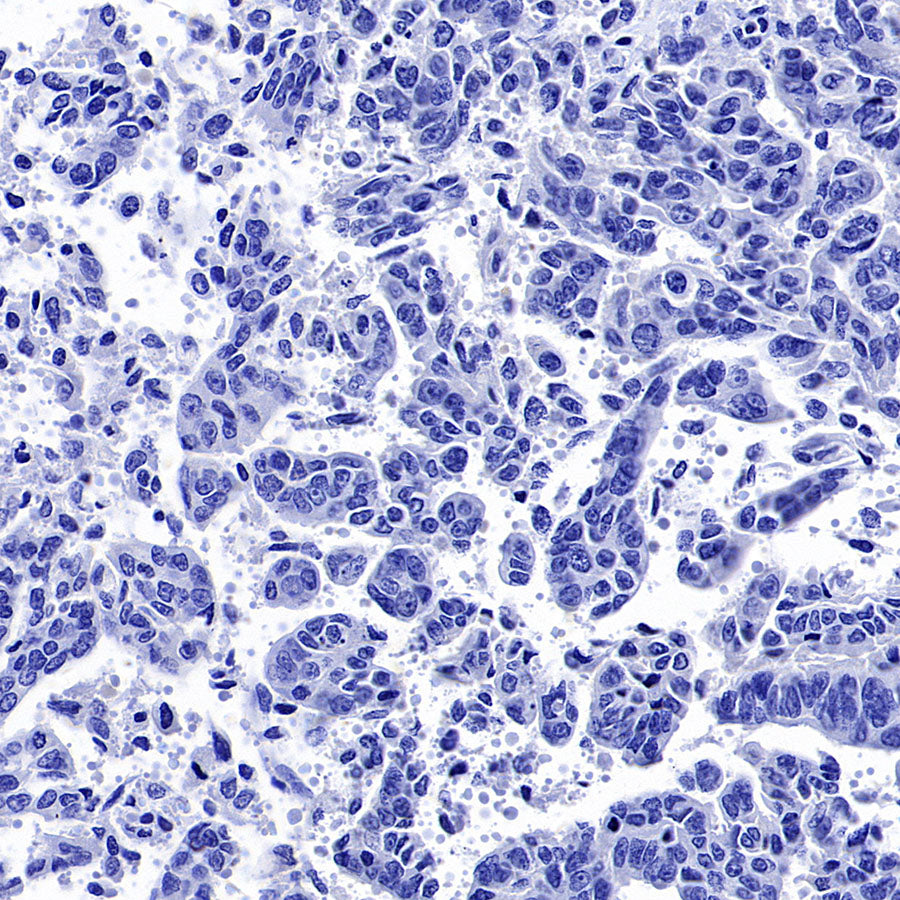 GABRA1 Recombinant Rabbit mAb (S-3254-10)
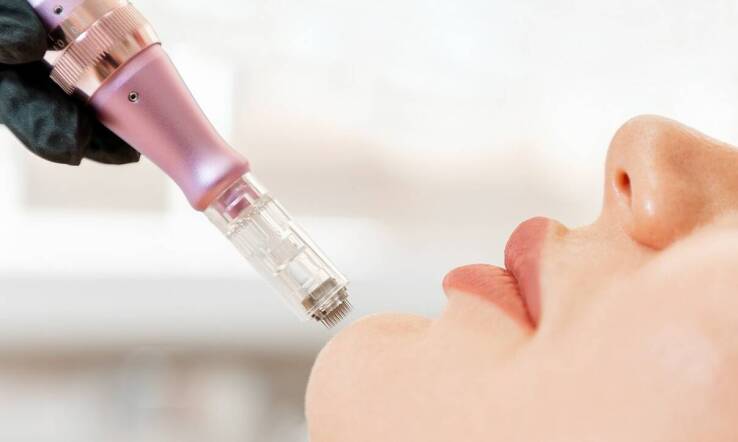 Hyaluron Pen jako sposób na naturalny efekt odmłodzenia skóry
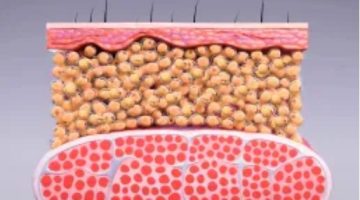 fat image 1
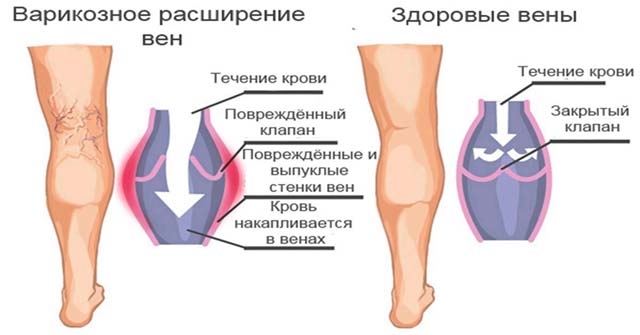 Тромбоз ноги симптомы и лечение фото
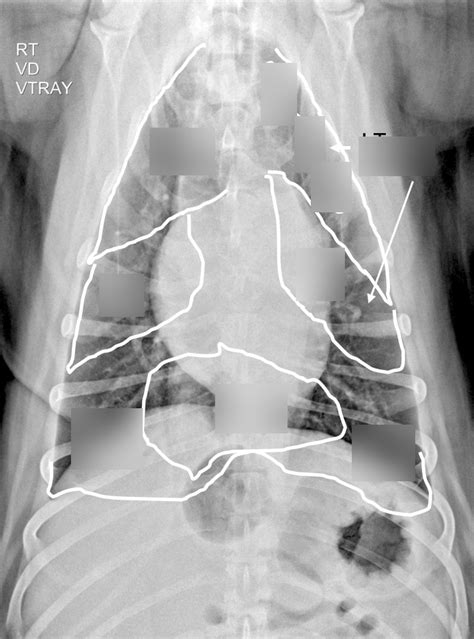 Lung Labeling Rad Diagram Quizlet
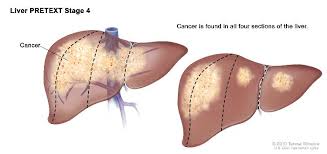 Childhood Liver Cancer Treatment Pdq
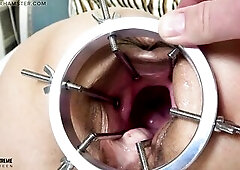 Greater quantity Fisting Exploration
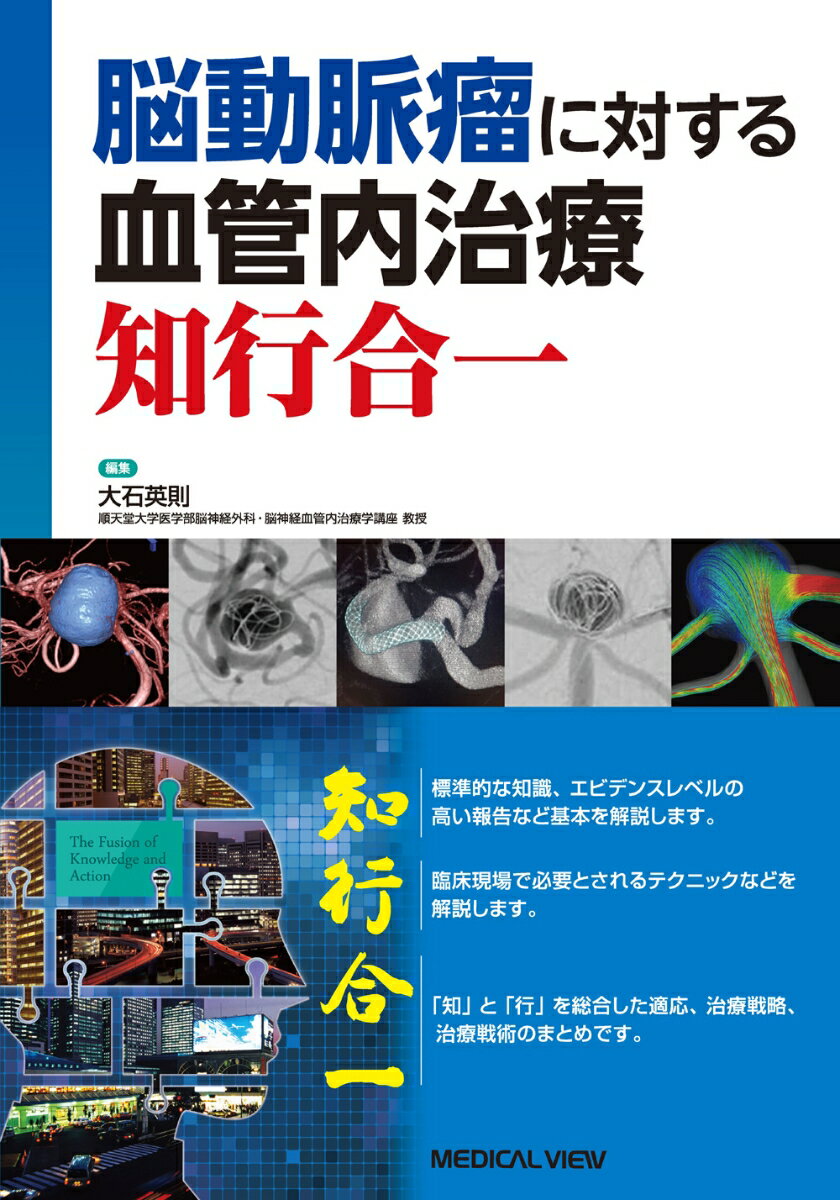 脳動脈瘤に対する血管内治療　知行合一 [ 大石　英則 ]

* * *

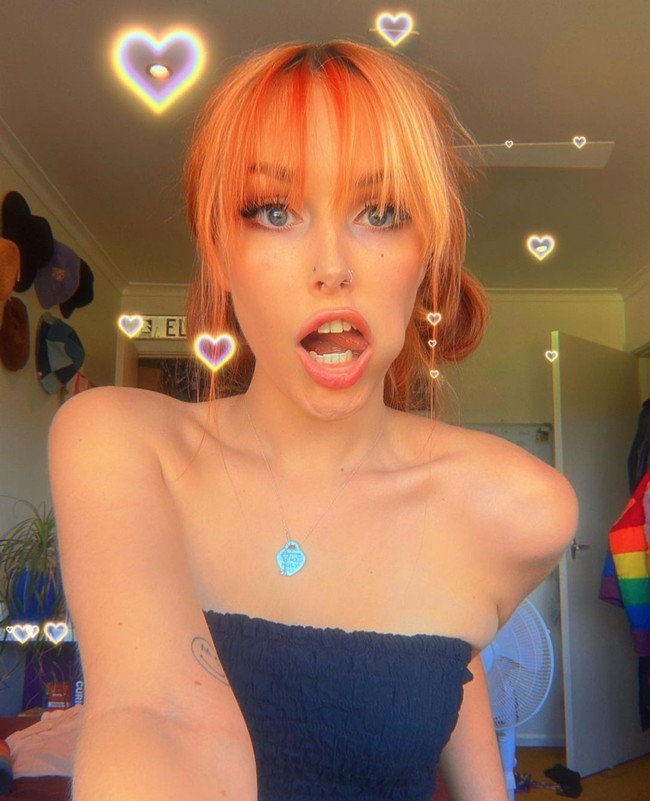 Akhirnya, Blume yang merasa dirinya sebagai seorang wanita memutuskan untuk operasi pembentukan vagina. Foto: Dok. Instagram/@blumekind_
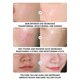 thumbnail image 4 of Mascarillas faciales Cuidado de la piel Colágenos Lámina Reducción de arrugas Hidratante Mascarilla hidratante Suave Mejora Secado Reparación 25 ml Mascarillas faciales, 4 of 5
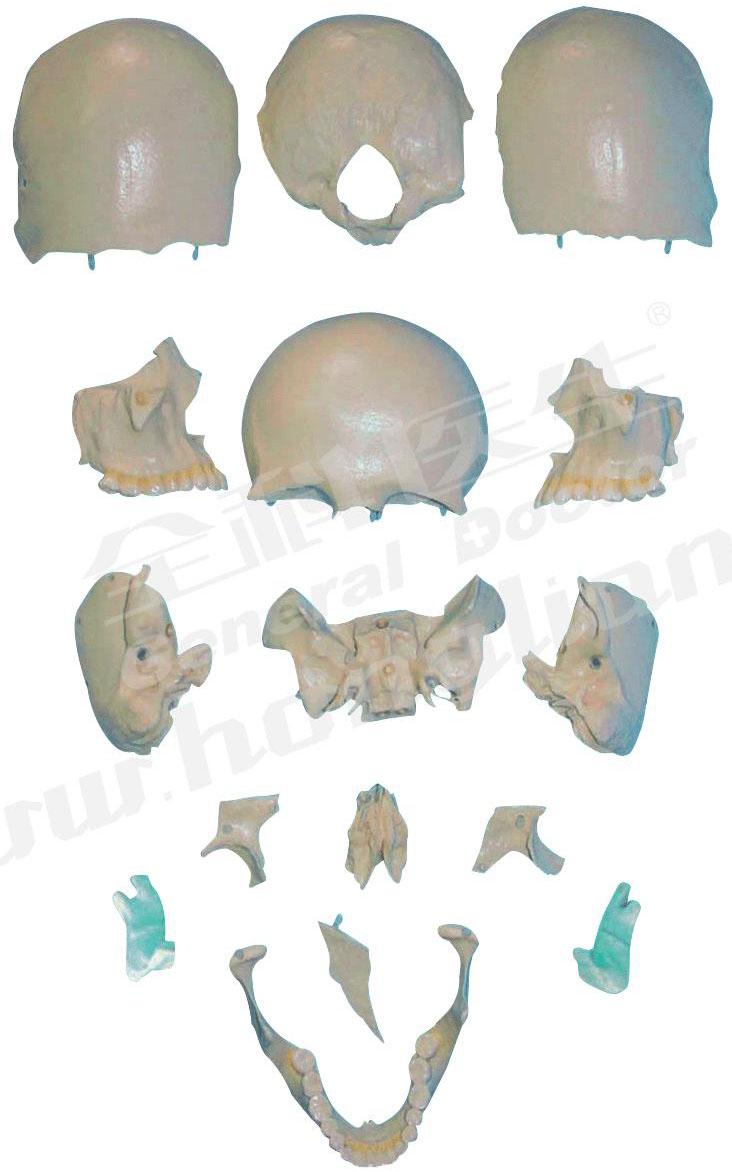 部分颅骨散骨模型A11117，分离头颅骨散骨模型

Work task: Quote the data above exactly from the line with "GABRA1 Recombinant Rabbit mAb (S-3254-10)" to the line with "脳動脈瘤に対する血管内治療　知行合一 [ 大石　英則 ]", both ends counted, and nothing else. Pictures don't go in.

Solution to this problem:
 GABRA1 Recombinant Rabbit mAb (S-3254-10)
 Hyaluron Pen jako sposób na naturalny efekt odmłodzenia skóry
 fat image 1
 Тромбоз ноги симптомы и лечение фото
 Lung Labeling Rad Diagram Quizlet
 Childhood Liver Cancer Treatment Pdq
 Greater quantity Fisting Exploration
 脳動脈瘤に対する血管内治療　知行合一 [ 大石　英則 ]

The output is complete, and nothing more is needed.